Sem diálogos, esta comédia provocatória dos realizadores de O Herói, o Vilão e a Donzela mostra como uma família destas criaturas tenta sobreviver às diversas estações do ano numa paisagem de floresta com perigos diversos: desde animais predadores, quedas de troncos, frutos indigestos, etc. Pelo caminho, há uma gravidez e sinais que eles próprios não compreendem. Aos poucos, quer as personagens, quer o público, percebe que eles podem não estar sozinhos. Com atores completamente irreconhecíveis como Riley Keough e Jesse Eisenberg no literal fato-de-macaco, Sasquatch Sunset talvez consiga ser o novo A Guerra do Fogo (o saudoso filme de Annaud de 1981), apesar de mandar às urtigas as regras da bom senso: tem humor em cenas de sexo explícito, abusa sem vergonha de vómitos e gazes mas consegue sempre um equilíbrio entre a profundidade espiritual de uma existência humana no limite com um sentido de puro entretenimento de cinema de aventuras. Uma enormíssima experiência de desconforto sem medo de nada. Há algo mesmo literalmente selvagem nesta aposta americana que está destinada a muita polarização.
Ouro para Scorsese
Ontem foi também a tarde de um encontro com a imprensa do vencedor do Urso de Ouro de tributo, a lenda Martin Scorsese. O cineasta atualmente nomeado a Óscares de melhor filme (Maestro, no qual é produtor, e, claro, Assassinos da Lua das Flores) e melhor realização, falou com uma garra imprópria de um idoso de 81 anos.

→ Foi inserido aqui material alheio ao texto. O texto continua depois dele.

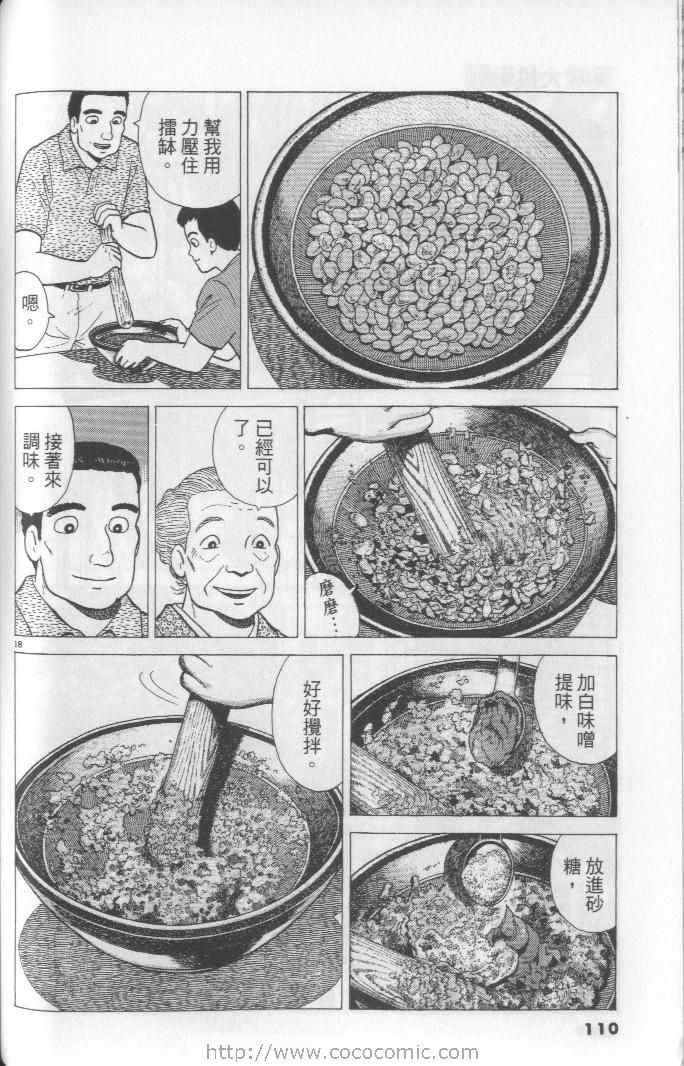 《美味大挑战》漫画最新章节第65卷免费下拉式在线观看章节第【110】张图片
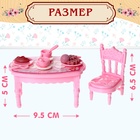 Игровой набор мебели для кукол «Семейная усадьба: столовая» - Фото 3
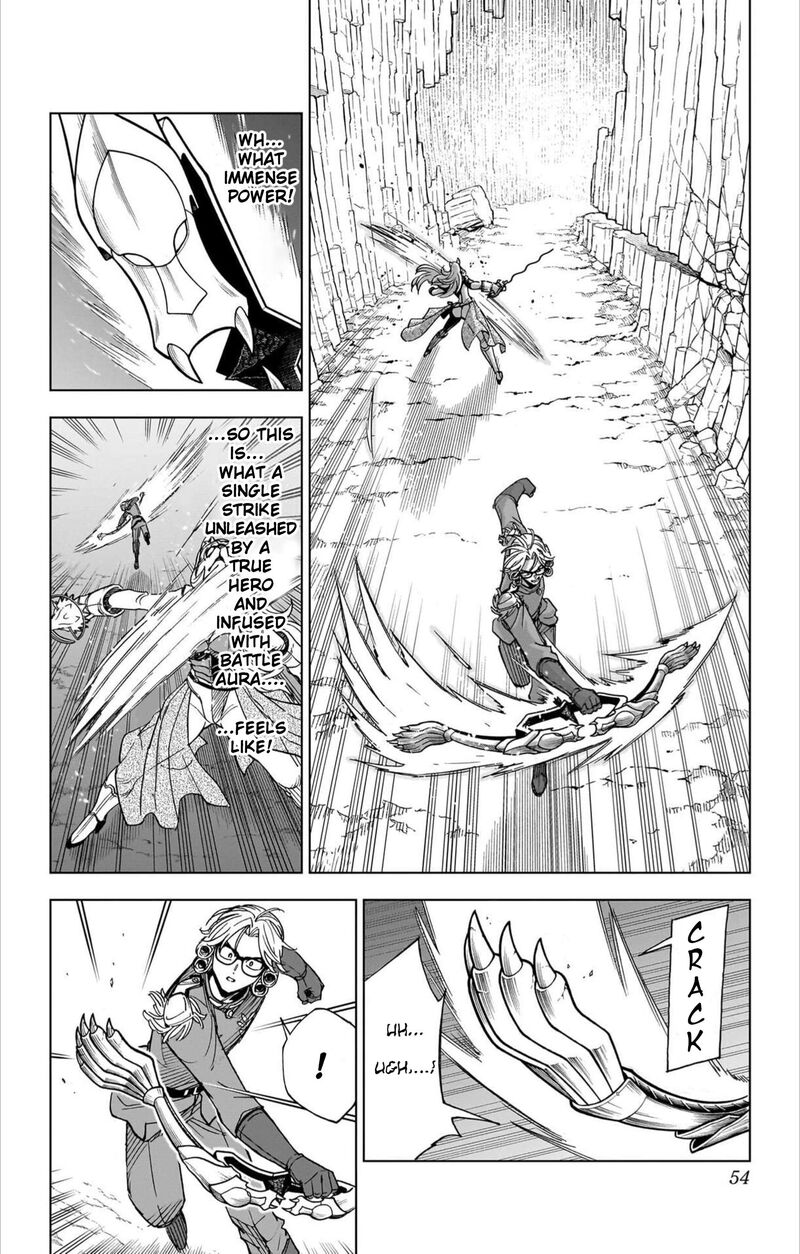 Dragon Quest Dai No Daibouken Yuusha Avan To Gokuen No Maou 58 2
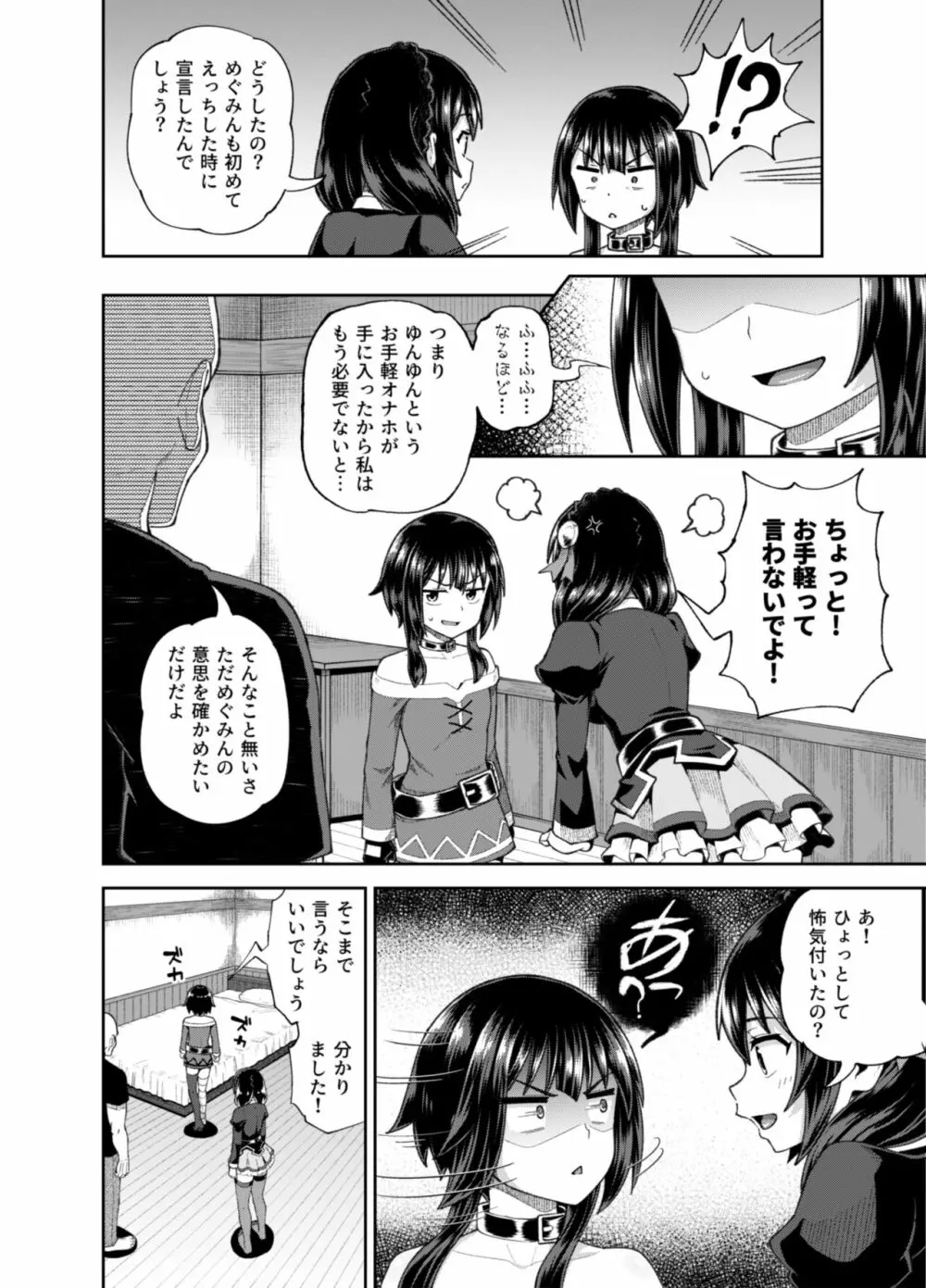 爆裂娘を彼女にしたらヤルことなんて決まってる!2 Page.15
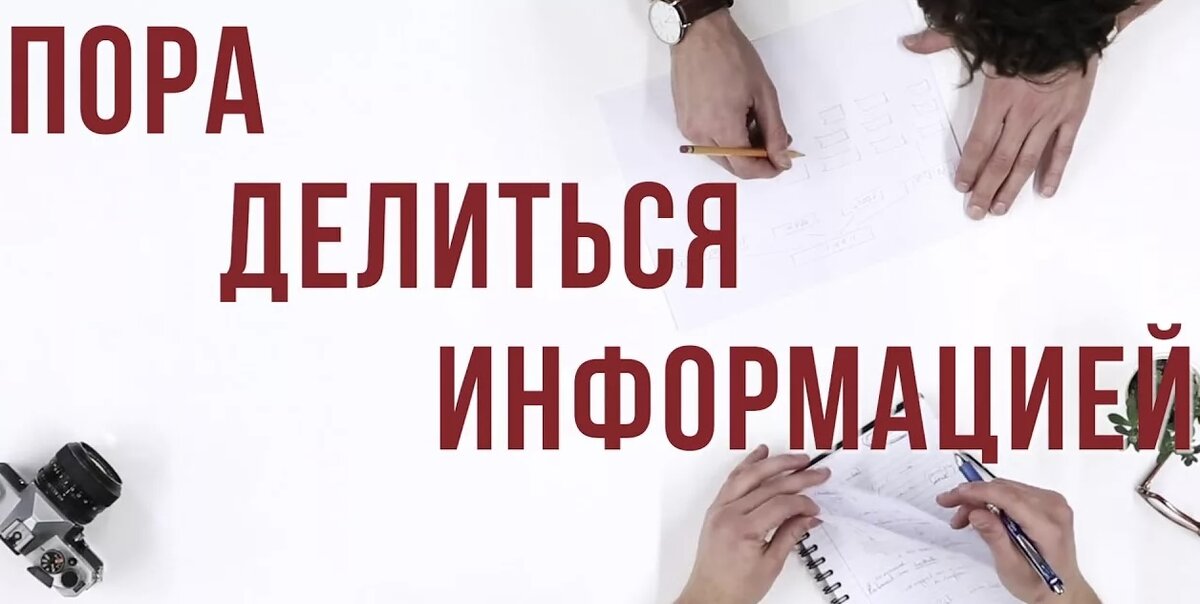 Мне нужна информация простому. Делиться информацией. Делюсь полезной информацией. Информацией нужно делиться. Делись информацией.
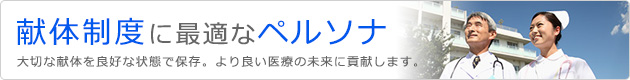 献体制度に最適なペルソナ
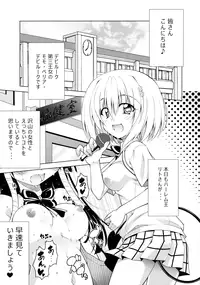 (COMIC1☆10) [BBG (Aoi Mikan)] Rito-san no Harem Seikatsu 3 (To LOVE-Ru Darkness)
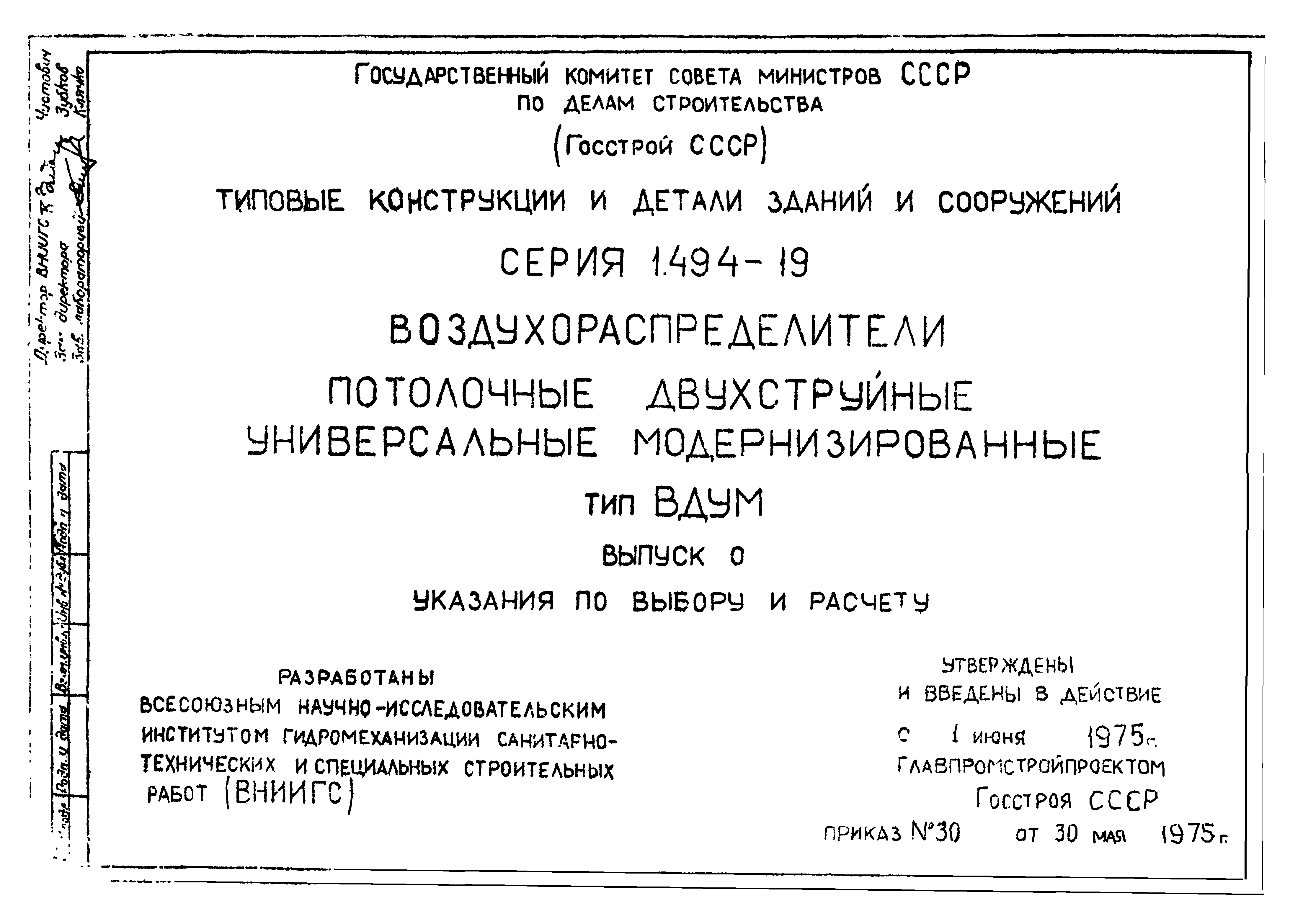 Серия 1.494-19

Para o realizador de clássicos como Taxi Driver e The Departed- Entre Inimigos (filme que foi o escolhido para ilustrar a sessão de homenagem), os grandes festivais de cinema continuam a ser importantes. Scorsese continua a disparar discursos de júbilo cinéfilo em respostas vivaças e longas, mas também soube ser sucinto quando uma jornalista fã lhe pediu para se descrever: “ora, isso é um mistério”.
Fez questão também de não confirmar se sempre vai filmar mais um filme com a figura de Jesus Cristo, mesmo confirmando que o tema lhe interessa: “estou ainda a contemplar... Se o fizer será único e provocante, mesmo que seja com entretenimento. Mas ainda não sei como o fazer. Agora preciso de continuar a promover o Assassinos da Lua das Flores e depois parar para finalmente dormir. Pode ser que depois acorde com uma ideia fresca e brilhante e queira logo filmar”.
Quando também questionado sobre o que tem visto ultimamente, lembrou que o facto de ter 81 anos o obriga a ser mais seletivo, mas referenciou os filmes também nomeados aos Óscares Dias Perfeitos, de Wim Wenders e Vidas Passadas, de Celine Song.
Ficam também na retina a confissão que no seu percurso quis fazer um “reboot” completo da sua forma de filmar: “essa necessidade de me reinventar aconteceu primeiro quando ia filmar O Rei da Comédia – quis que fosse tudo diferente. Também voltou a suceder o mesmo com O Irlandês, tive de perceber qual o significado de colocar ali ou noutro local a câmara, refletir sobre o que filmar. O filme é longo e tem muitos planos. Não quis fazer igual, pus em causa tudo – será que é preciso um plano de um carro a arrancar? Será que é preciso um plano geral para determinada cena? Não fará sentido jogar com a música? Quis aprender cinema de novo e não há ali um único plano que não esteja pensado segundo uma nova lógica e sempre um função das personagens”.
Pelo meio, um jornalista búlgaro de 21 anos a fazer uma imitação sem piada a Jack Nicholson em The Departed. Uma imitação desastrosa e sem piada, daqueles momentos de vergonha alheia a mostrar que a Berlinale não pode dar tantas acreditações de imprensa. O mestre riu com cortesia. No final, aplausos para um santo do cinema que nesta Berlinale aparece ainda no documentário que produz: Made in England: The Films of Powell and Pressburger, de David Hinton.